━━━━━ Given data ━━━━━

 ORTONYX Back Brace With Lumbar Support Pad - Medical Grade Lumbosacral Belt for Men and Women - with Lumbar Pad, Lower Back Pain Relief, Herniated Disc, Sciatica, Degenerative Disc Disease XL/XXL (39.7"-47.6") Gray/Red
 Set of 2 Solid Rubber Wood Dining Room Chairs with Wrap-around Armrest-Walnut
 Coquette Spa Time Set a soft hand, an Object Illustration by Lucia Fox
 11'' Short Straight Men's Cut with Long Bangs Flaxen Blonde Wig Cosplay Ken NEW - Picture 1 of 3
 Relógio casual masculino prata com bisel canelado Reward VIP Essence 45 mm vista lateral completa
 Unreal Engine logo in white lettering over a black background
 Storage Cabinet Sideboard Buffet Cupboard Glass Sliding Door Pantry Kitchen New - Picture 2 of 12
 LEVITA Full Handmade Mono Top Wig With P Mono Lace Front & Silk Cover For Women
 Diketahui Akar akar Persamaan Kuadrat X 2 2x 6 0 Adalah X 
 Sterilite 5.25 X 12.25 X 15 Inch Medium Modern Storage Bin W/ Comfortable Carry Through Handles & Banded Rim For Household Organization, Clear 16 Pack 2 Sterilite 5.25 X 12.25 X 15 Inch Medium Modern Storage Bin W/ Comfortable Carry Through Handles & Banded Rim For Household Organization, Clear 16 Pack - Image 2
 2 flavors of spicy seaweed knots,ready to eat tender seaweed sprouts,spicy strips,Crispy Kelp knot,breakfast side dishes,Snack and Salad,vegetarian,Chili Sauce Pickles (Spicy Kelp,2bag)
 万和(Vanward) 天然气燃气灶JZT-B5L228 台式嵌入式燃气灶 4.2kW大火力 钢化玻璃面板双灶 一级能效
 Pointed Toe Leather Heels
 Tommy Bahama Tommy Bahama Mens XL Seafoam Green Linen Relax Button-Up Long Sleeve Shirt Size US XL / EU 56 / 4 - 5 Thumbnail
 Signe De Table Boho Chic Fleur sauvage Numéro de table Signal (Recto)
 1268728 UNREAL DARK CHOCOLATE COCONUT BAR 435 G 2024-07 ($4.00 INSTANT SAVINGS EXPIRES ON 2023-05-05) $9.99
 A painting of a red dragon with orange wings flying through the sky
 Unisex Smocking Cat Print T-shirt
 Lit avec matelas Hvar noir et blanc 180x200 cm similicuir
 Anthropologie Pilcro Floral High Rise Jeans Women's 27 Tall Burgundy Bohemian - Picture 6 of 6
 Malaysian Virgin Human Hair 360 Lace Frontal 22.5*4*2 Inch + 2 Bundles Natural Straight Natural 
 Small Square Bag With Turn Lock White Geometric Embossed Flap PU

━━━━━

● **Task**: What should come out is the exact run of lines from the one holding "Lit avec matelas" through the end of the records above, and nothing besides.

● **Solution for this task**:
 Lit avec matelas Hvar noir et blanc 180x200 cm similicuir
 Anthropologie Pilcro Floral High Rise Jeans Women's 27 Tall Burgundy Bohemian - Picture 6 of 6
 Malaysian Virgin Human Hair 360 Lace Frontal 22.5*4*2 Inch + 2 Bundles Natural Straight Natural 
 Small Square Bag With Turn Lock White Geometric Embossed Flap PU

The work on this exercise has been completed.